My annual trip to Naka Kon was this past weekend. This year was definitely a change for me.
The past three years I've run a small sub sector of the convention: the Gaming sector. However, this year, I took a big step up. I essentially oversaw everything that happened at the convention that attendees could do.
Of course, the majority of this means figuring out the schedule, which is done well in advance, but there's always fires to put out: Panelists not having the right kinds of computer cables, Guests not being at the right place on time, schedule changes, etc...
Most of Friday was taken up working on a single event: Our Formal Ball. In past years, the host has taken an approach of "make people dress up, play music and magic happens". Instead of dancing, we instead get something more awkward than a junior high dance. So this year, with assistance from one of my best friends, we decided to 100% rework the ball. We chose only waltzes, had a 2 hour waltz lesson prior to the ball, had a bunch of staff we taught to assist everyone and pull wallflowers off the wall, and had games to keep everyone engaged. We had "dance cards" that required people to interact and learn various waltz steps that could be turned in when completed for a chance at being ball king/queen, prince/princess.
For this event we'd anticipated ~300 people, but printed 350 dance cards just in case. A few weeks before the con, I started getting worried that that might not be enough. Questions about the ball were eclipsing anything else. Even the announcement for the ball was getting more "Likes" on facebook than the announcement for the two biggest Guest voice actors (usually the biggest draw at conventions).
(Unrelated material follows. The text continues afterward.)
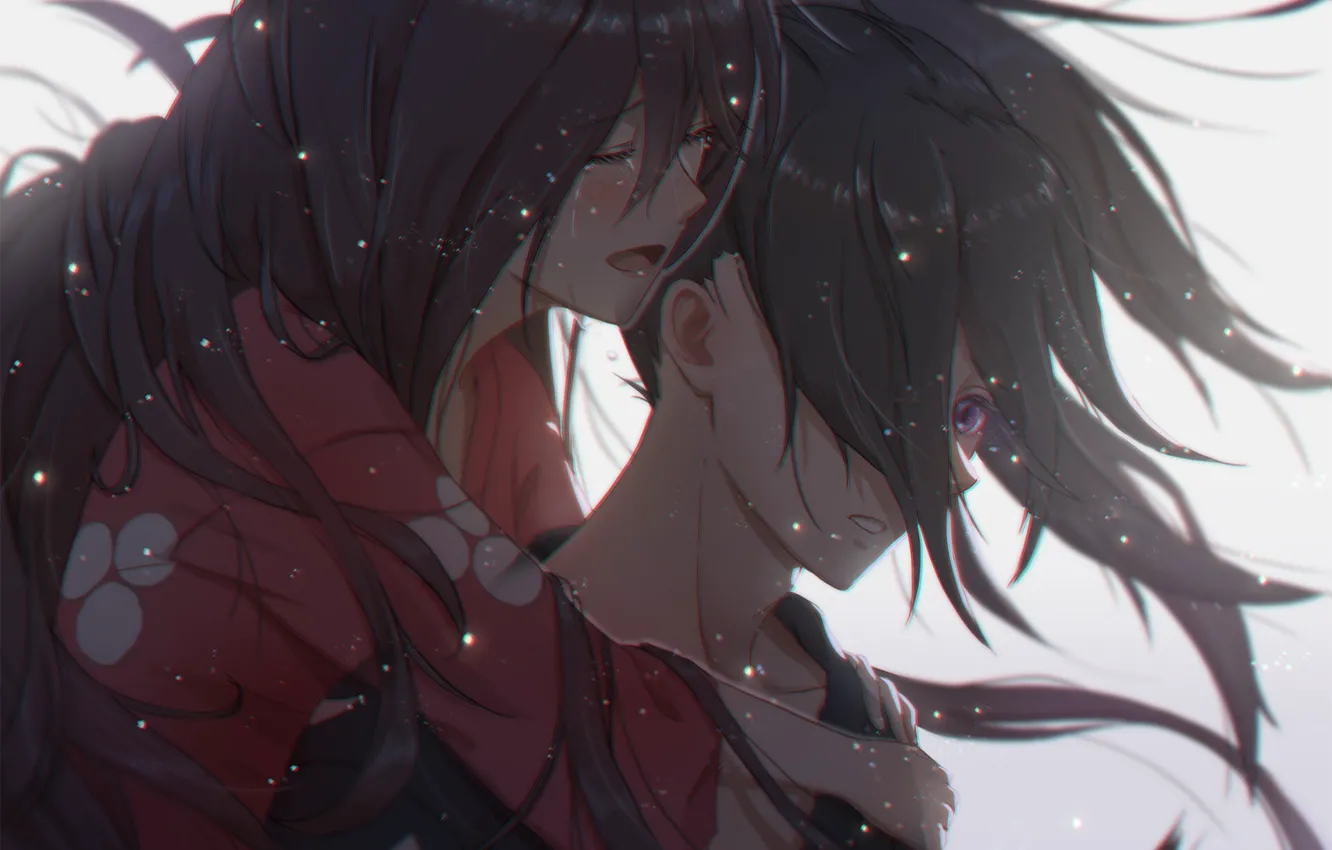 Photo wallpaper girl, tears, guy, mio, hugs, Dororo, Hyakkimaru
And I was right to be worried. We ran out of dance cards before we even got through the initial line. The 1000 ft dance floor we laid down wasn't even close to enough. We needed 4 times that (which isn't even available)! Regardless, it was an amazing event and towards the end, every single socially awkward nerd in the room was waltzing.
However, towards the end, I had to step out for 20 minutes for an emergency meeting. It wasn't just the ball that was bigger than anticipated. It was the entire convention. We had over 3,000 attendees arrive on Friday alone. Usually Saturday is the big day for people arriving and if that held up again this year, there would be no way we could accommodate everyone. We simply didn't have enough badges printed and the staff couldn't handle another day of that. The call was made to close registration several hours early.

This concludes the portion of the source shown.